Brief descriptive captions:
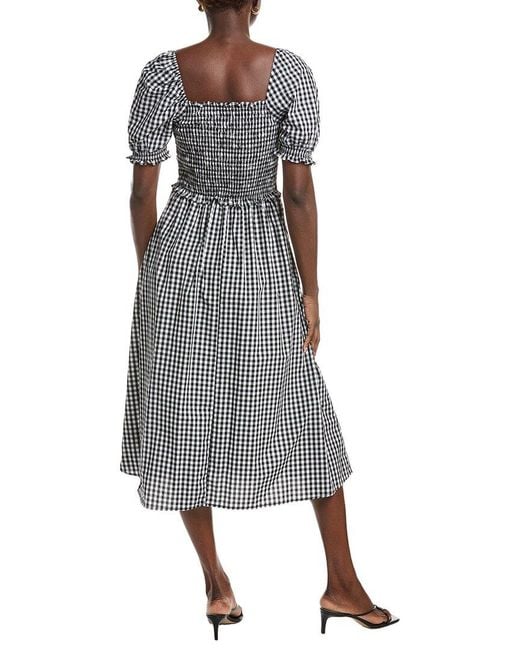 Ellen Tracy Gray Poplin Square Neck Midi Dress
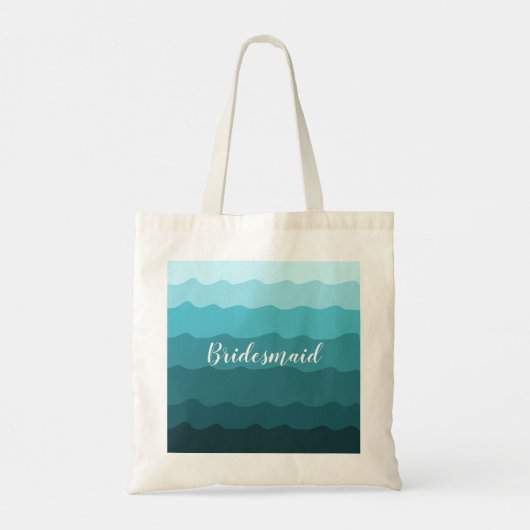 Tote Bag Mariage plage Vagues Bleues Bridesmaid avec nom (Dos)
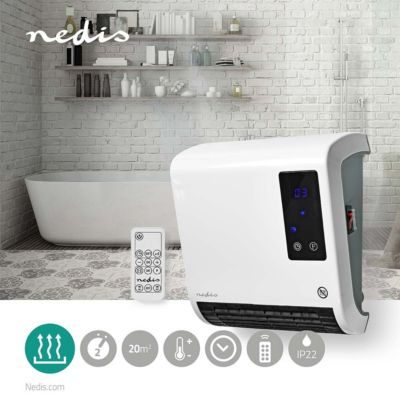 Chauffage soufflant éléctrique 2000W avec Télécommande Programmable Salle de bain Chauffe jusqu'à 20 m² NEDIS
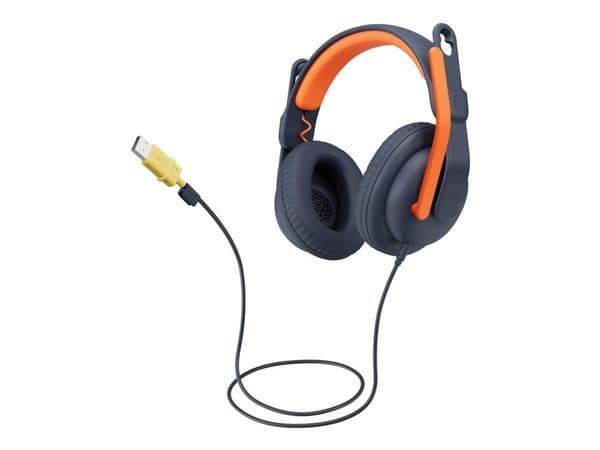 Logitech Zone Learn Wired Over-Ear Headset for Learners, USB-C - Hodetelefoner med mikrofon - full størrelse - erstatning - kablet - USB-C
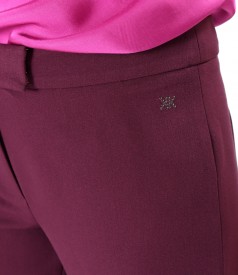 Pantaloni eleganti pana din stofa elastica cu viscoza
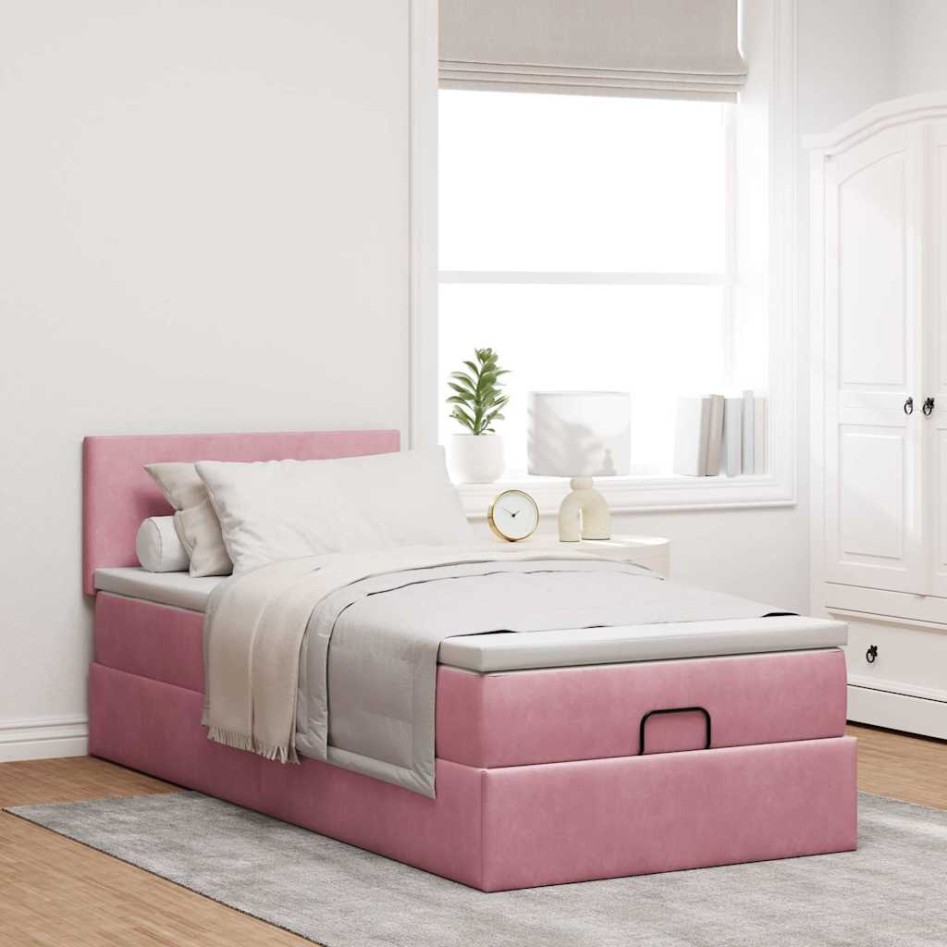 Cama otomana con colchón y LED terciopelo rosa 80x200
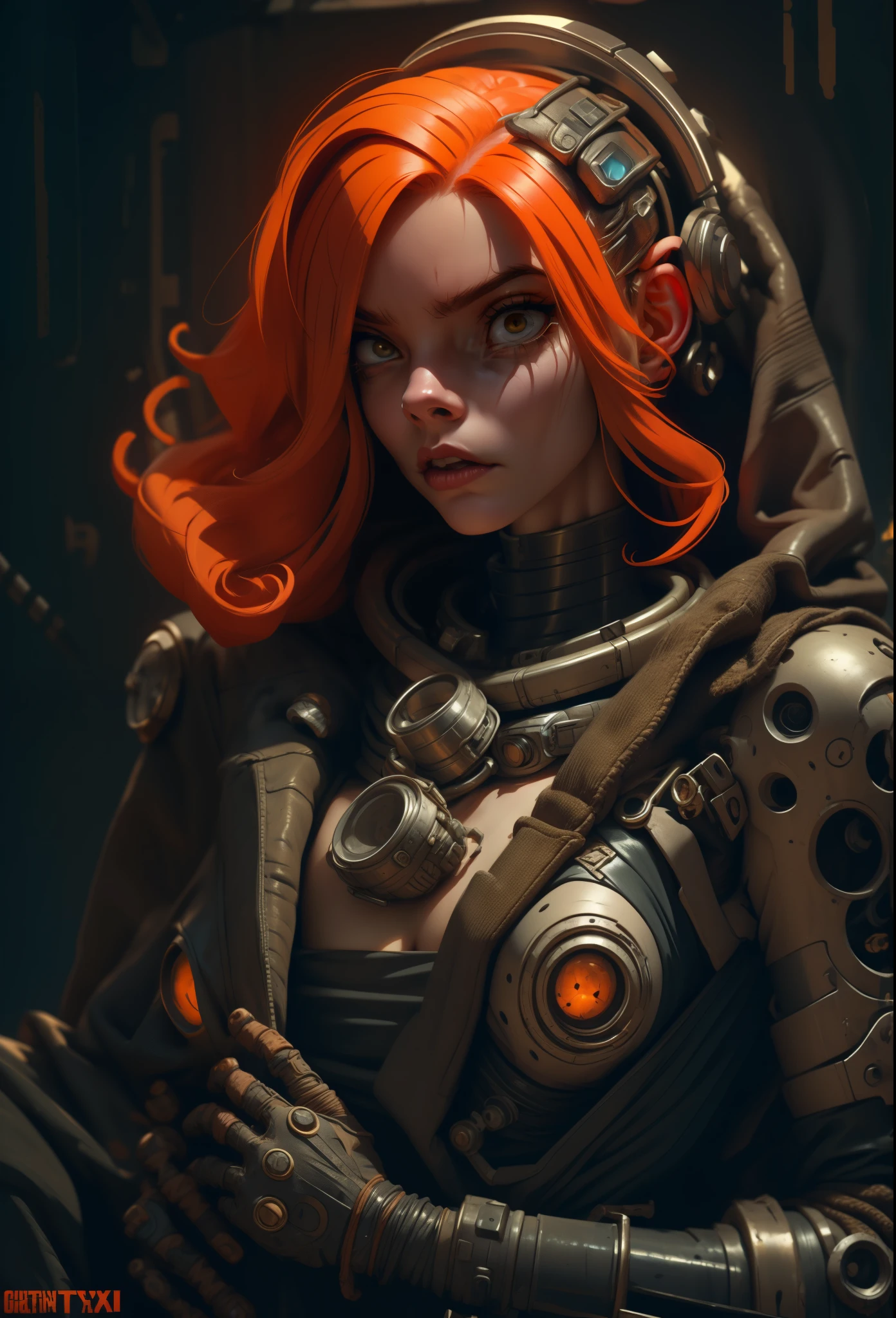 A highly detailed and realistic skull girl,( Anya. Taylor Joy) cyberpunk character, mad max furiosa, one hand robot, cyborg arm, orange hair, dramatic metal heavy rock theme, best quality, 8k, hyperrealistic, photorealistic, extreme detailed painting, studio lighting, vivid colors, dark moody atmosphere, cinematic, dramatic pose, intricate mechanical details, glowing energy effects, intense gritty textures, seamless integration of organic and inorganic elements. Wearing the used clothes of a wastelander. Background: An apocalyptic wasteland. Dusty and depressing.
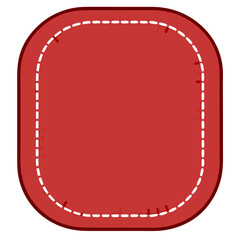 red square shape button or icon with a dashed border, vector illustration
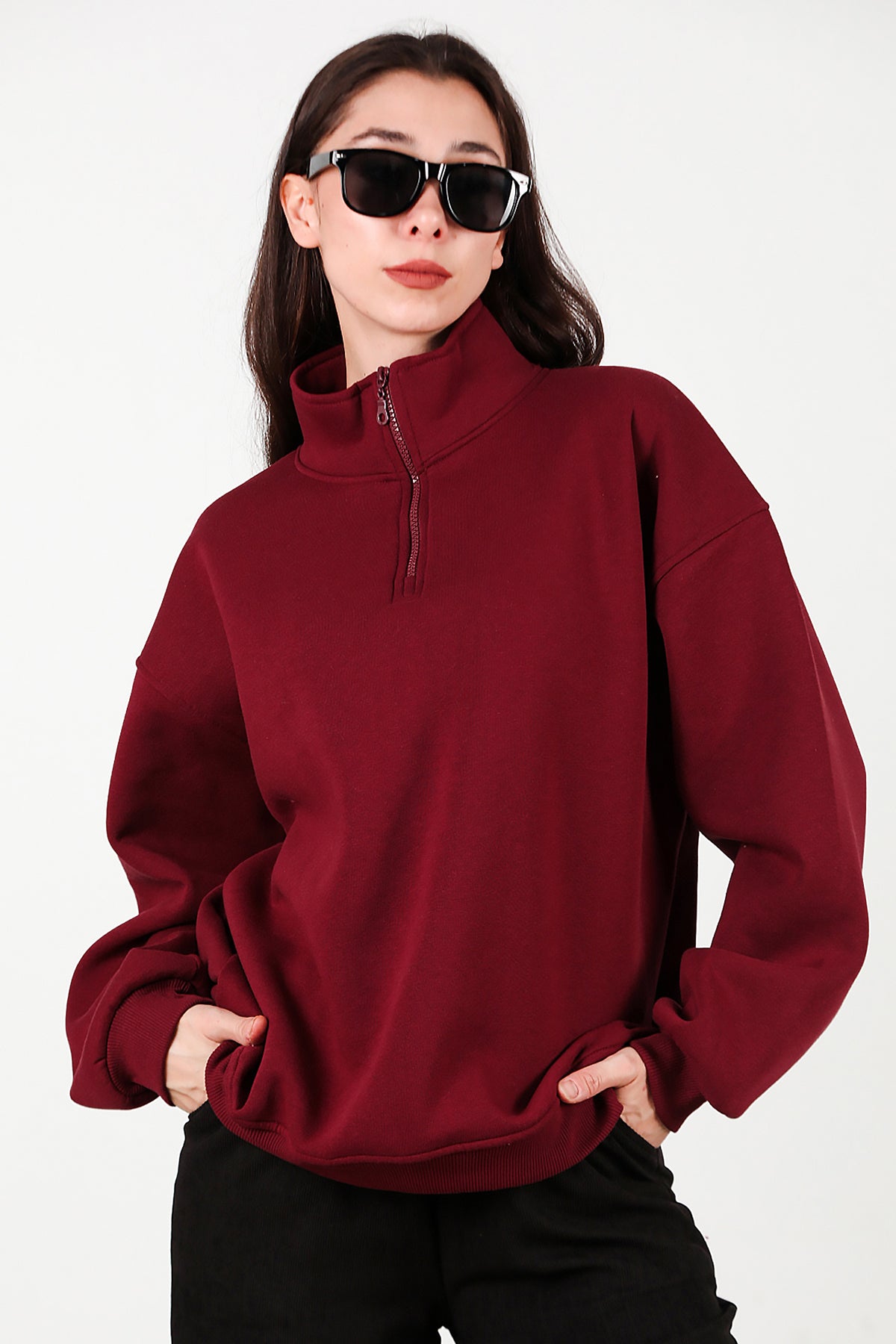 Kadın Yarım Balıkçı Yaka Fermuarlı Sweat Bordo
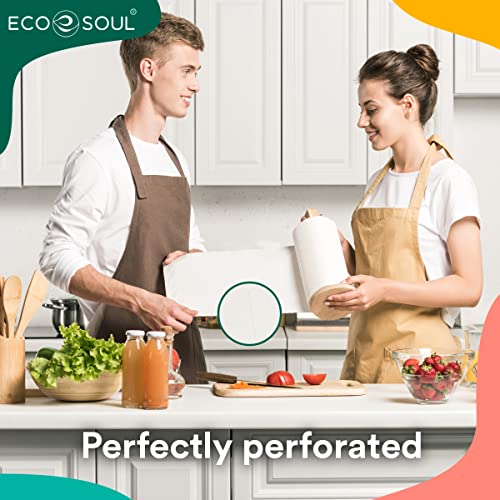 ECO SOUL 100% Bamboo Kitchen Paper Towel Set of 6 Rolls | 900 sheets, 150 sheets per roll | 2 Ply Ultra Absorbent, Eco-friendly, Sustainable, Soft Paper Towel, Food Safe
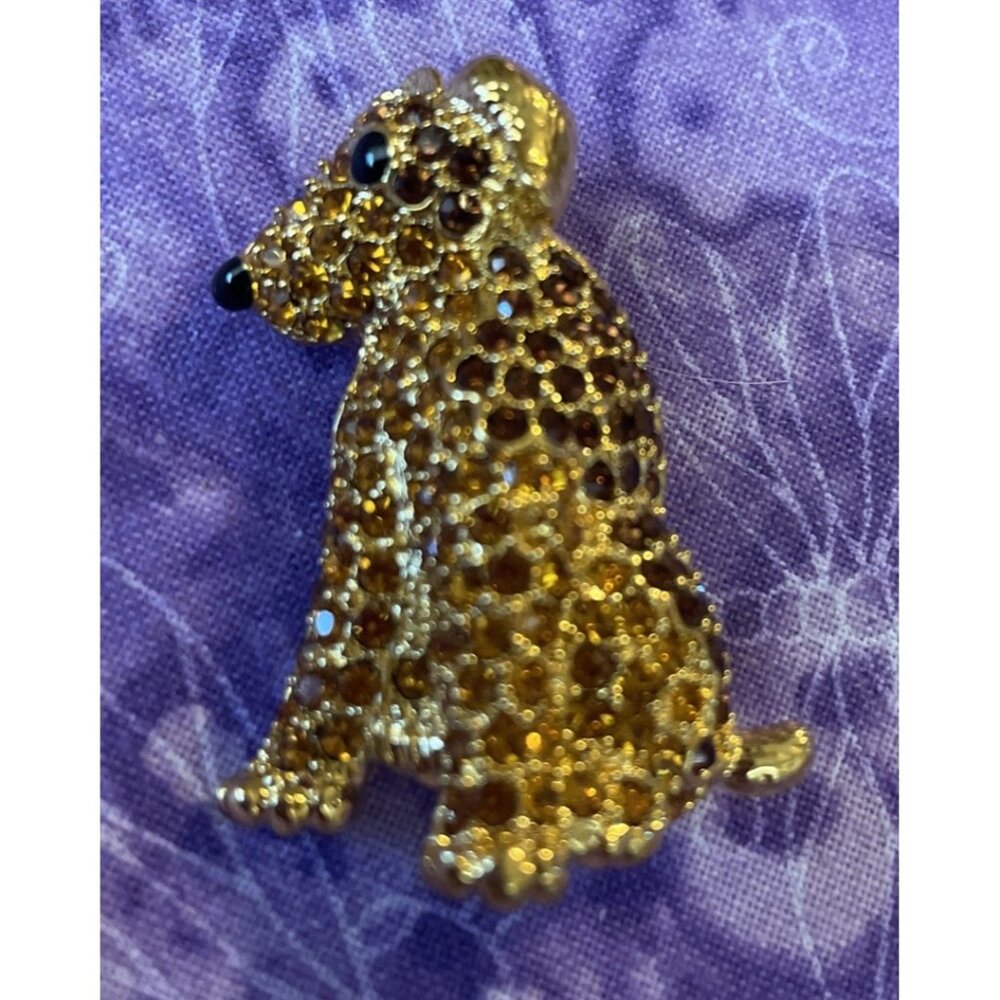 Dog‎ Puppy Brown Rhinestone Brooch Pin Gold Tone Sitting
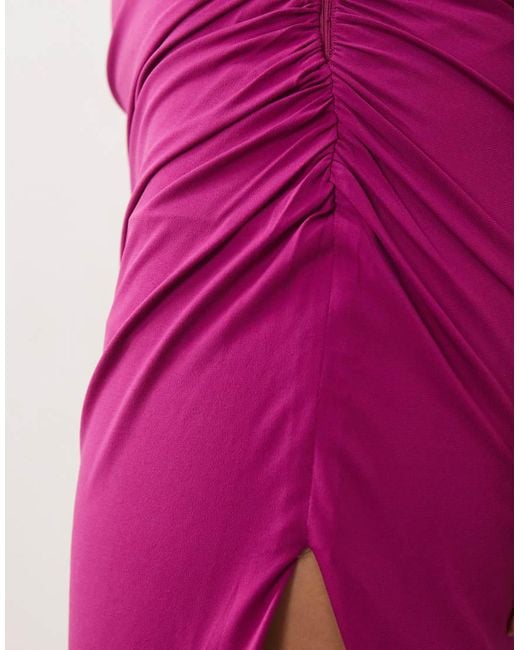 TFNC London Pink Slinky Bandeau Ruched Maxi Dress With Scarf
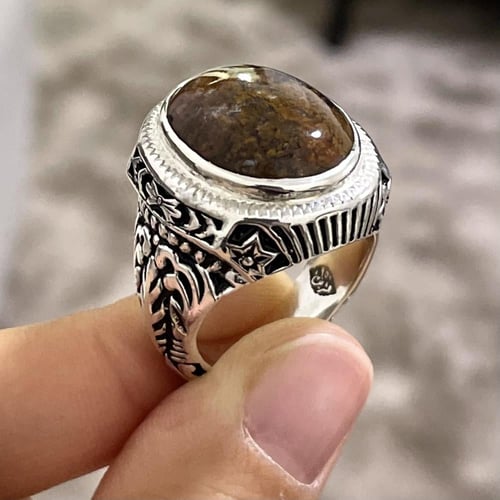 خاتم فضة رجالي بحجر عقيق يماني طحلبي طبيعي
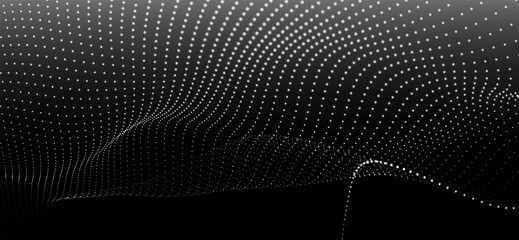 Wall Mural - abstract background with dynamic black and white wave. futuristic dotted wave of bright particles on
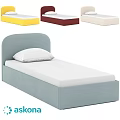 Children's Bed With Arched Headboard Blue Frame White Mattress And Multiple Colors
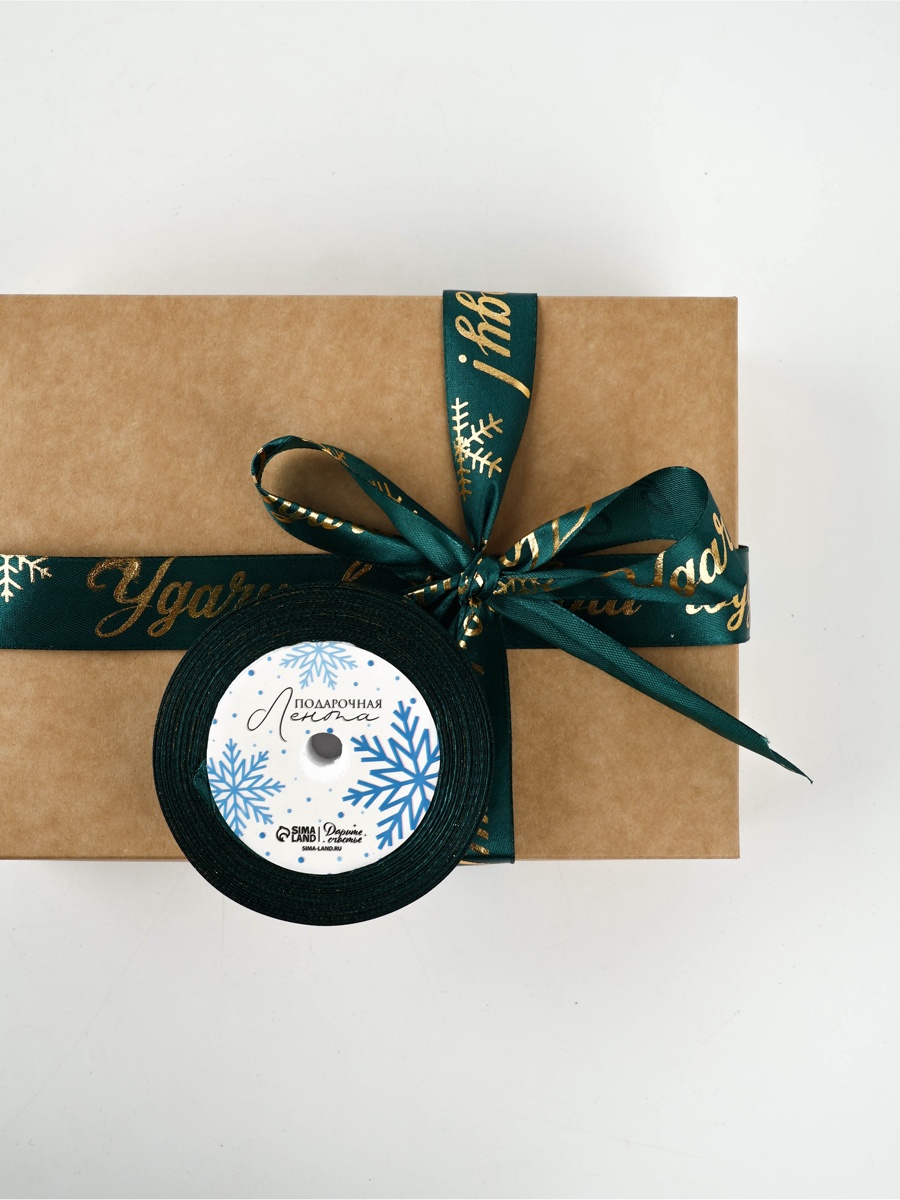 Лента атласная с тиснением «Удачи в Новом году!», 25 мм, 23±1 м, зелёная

Task requirements:
Beginning with the line with "Wall Mural - abstract", repeat the entries above exactly, up to and including the last line, leaving out pictures.

Exercise answer:
 Wall Mural - abstract background with dynamic black and white wave. futuristic dotted wave of bright particles on
 Children's Bed With Arched Headboard Blue Frame White Mattress And Multiple Colors
 Лента атласная с тиснением «Удачи в Новом году!», 25 мм, 23±1 м, зелёная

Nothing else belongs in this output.